The ruling could have significant implications on the wider gig economy and its business model, and even on UK employment law. Uber drivers won the right to minimum wage, holiday pay, and protection from discrimination in the ruling.
“The company had appealed to the Supreme Court after losing three previous court cases, arguing that its drivers were independent contractors. Uber has 65,000 active drivers operating in the UK.
The Supreme Court’s seven judges unanimously rejected the ride-hailing app’s appeal, and strongly criticised Uber’s driver contracts and the lack of basic rights afforded to its drivers.
The decision also ruled that drivers’ working time would not be limited to passenger rides, but whenever drivers were logged into the app.
Uber was strategically specific in its press comments, saying, “We respect the Court’s decision which focussed on a small number of drivers who used the Uber app in 2016.” Whether the company will apply this ruling to all 65,000 of its workers remains to be seen, but it does indeed set a precedent.
In 2016, Uber drivers James Farrar and Yaseen Aslam won an employment tribunal against the ridesharing company, which ruled that drivers had the right to be classed as workers, not self-employed. Uber says it has made changes following that result, though it has appealed the ruling twice since then.
“Since then we have made some significant changes to our business, guided by drivers every step of the way,” says Jamie Heywood, Uber’s regional general manager for Northern and Eastern Europe, in a statement emailed to Mashable.
[..]These include giving even more control over how they earn and providing new protections like free insurance in case of sickness or injury.

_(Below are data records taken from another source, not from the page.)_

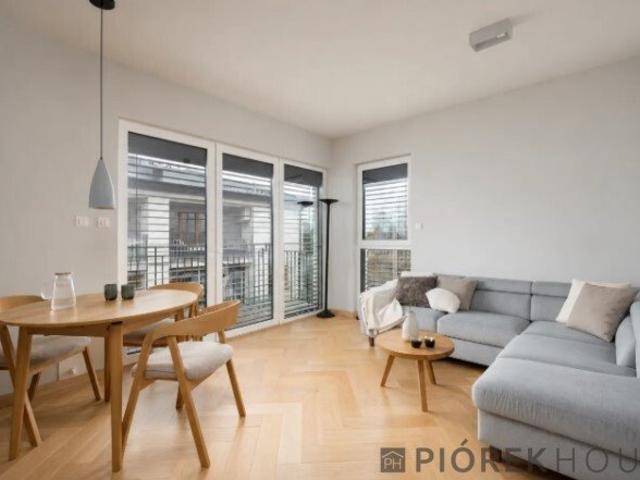 Na sprzedaż 4 pokojowe mieszkanie z ogródkiem 60 m² w Warszawie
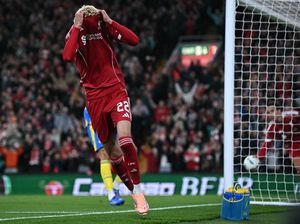 Hugo Ekitike Minta Maaf, Ngaku Larut dalam Emosi sampai Buka Jersey Hugo Ekitike Minta Maaf, Ngaku Larut dalam Emosi sampai Buka Jersey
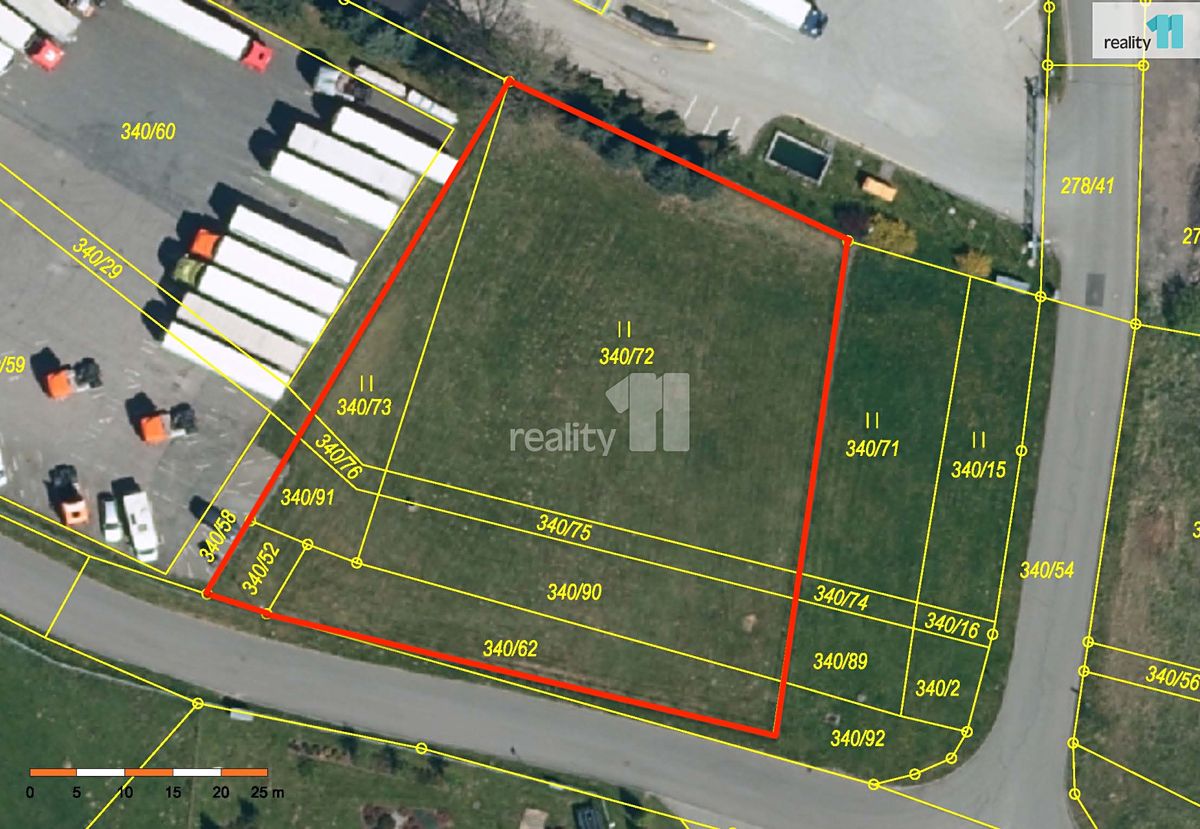 Prodej komerčního pozemku 2833 m²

We are committed to doing more and will now consult with every active driver across the UK to understand the changes they want to see.”
Aslam, co-lead claimant and App Drivers and Couriers Union president said he was overjoyed and greatly relieved by the decision “which will bring relief to so many workers in the gig economy who so desperately need it.”
“The outcome is a direct contrast to a recent result in the U.S., with the majority of Californians voting in favor of the Uber and Lyft-backed Proposition 22, which continues to classify drivers in the state as independent contractors instead of employees.